I love allrecipes for a few reasons. First, there are loads and loads of recipes on the site and every time I'm looking for something new, I seem to find an interesting recipe there. Second, I love that the recipes are submitted by real people cooking in regular kitchens. This usually makes the recipes a touch more user friendly than what I find in some (not all) cookbooks. Finally, I enjoy this site's rating system. Recipe users can rate the recipe after making it and also provide comments and tips on how to enhance it. I've gotten several great ideas from other cooks who have tried the dish before me and provided nice suggested alternatives to the original recipe.
So I decided to go with Carol's Egg Yolk Sponge Cake. Here's the recipe, as seen on allrecipes.com.
Egg Yolk Sponge Cake
Makes one10-inch tube cake (14 servings)
Submitted by Carol
1 2/3 cups all-purpose flour
1 1/2 teaspoons baking powder
1/2 teaspoon salt
3/4 cup egg yolks
1 1/2 cups white sugar
1 tablespoon orange zest
1 tablespoon orange juice, strained
1/2 teaspoon lemon extract
3/4 cup boiling water
Preheat oven to 325 degrees F (165 degrees C) Sift together twice: flour, baking powder, and salt. Pour back into sifter. In a large mixing bowl beat egg yolks and whole eggs with an electric mixer until thick and lemon colored (about 5 minutes).
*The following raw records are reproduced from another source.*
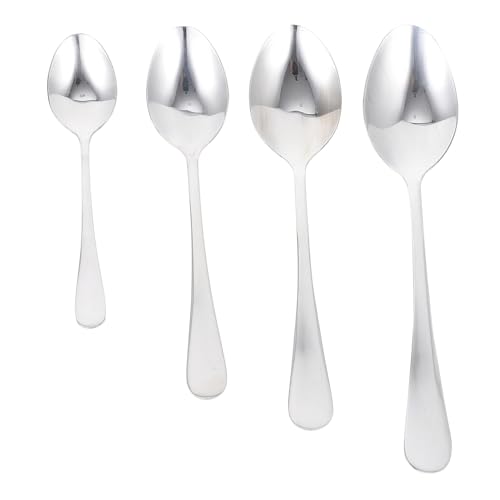 EXQUIMEUBLE 8 Stück Teiliges Edelstahl Reislöffel Ergonomisch Langer Griff Rostfrei Küchenutensilien Servierlöffel für Haushalt Restaurant Buffet von EXQUIMEUBLE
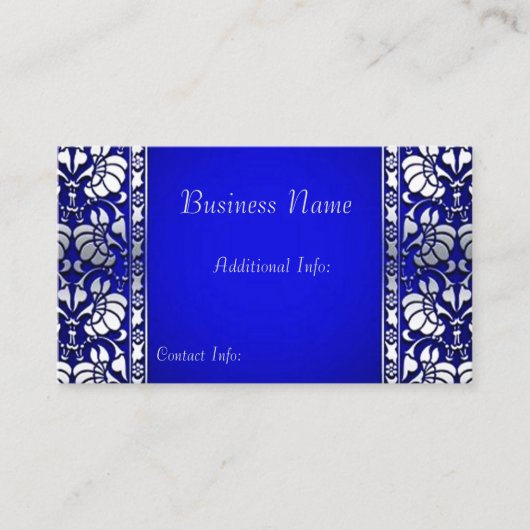 Elegantes Blau und Silber horizontal Visitenkarte (Vorderseite)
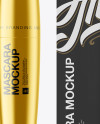 Metallic Mascara Tube With Box Mockup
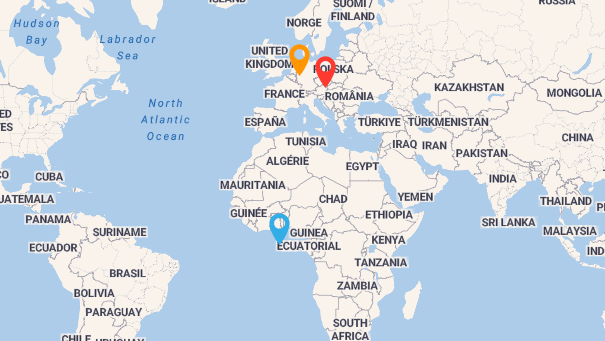 Map of company locations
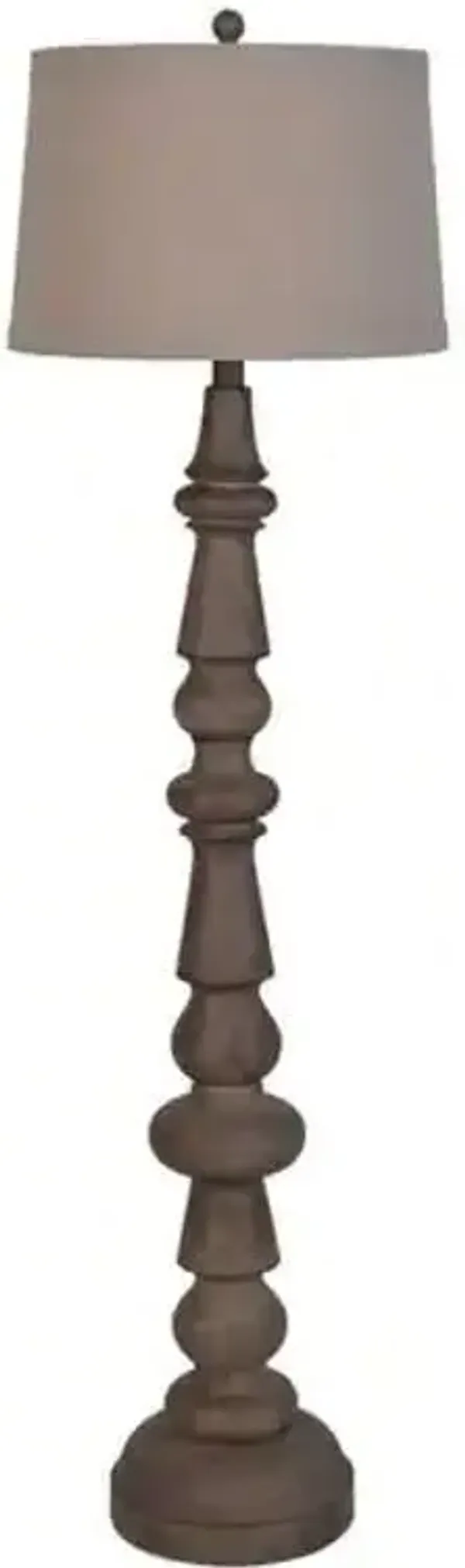 61- inches Dark Brown Wood Floor Lamp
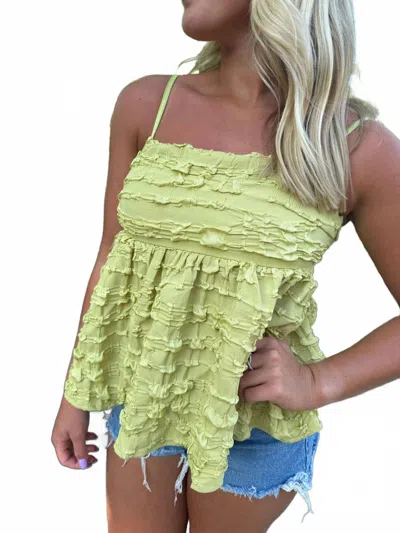Glam Hannah Tank In Lime In Green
Gradually add sugar, beating after each addition. This should take about 10 minutes.
Fold in orange rind, orange juice, and lemon extract. Sift dry ingredients into egg and sugar mixture and fold in. Do not stir or beat. Add boiling water and fold in quickly, just until liquid is blended. Pour batter into one ungreased 10-inch tube pan.
Bake at 325 degrees F (165 degrees C) for 60 to 65 minutes. Turn cake over in pan on a wire rack and let cake hang for 1 hour or until cool. Loosen cake sides from pan with a spatula and shake from pan. Dust top lightly with confectioner's sugar or frost with Orange Butter Frosting.
Note: I dusted with a little confectioner's sugar and then decided that the cake could use a little more oomph so I made a very light glaze to pour over the top. The glaze was made using confectioner's sugar and orange juice, just enough of each to create a thin glaze consistency.
The cake came out very well, but mine stuck to the tube pan in places. Since the recipe specifically called for an ungreased pan, I followed instructions but I was disappointed with the sticking. Note to self: Always grease this pan in future. The cake has a fresh, natural citrus flavor. One of my biggest pet peeves is any orange flavored food that tastes like St. Joseph's Children's Aspirin. I hated the fake orange taste of St. Joseph's Children's Aspirin as a kid and to this day I'll deem certain foods "too Saint Joseph's" if the orange isn't natural tasting enough. The cake's a little more dense than I would have predicted and it seems like the kind of cake that would suit an afternoon tea very well. So it is yummy all around, but ugly due to the sticking. I'd be really disappointed if I were making the cake for guests, but since it was just for us we can deal with a little stickage.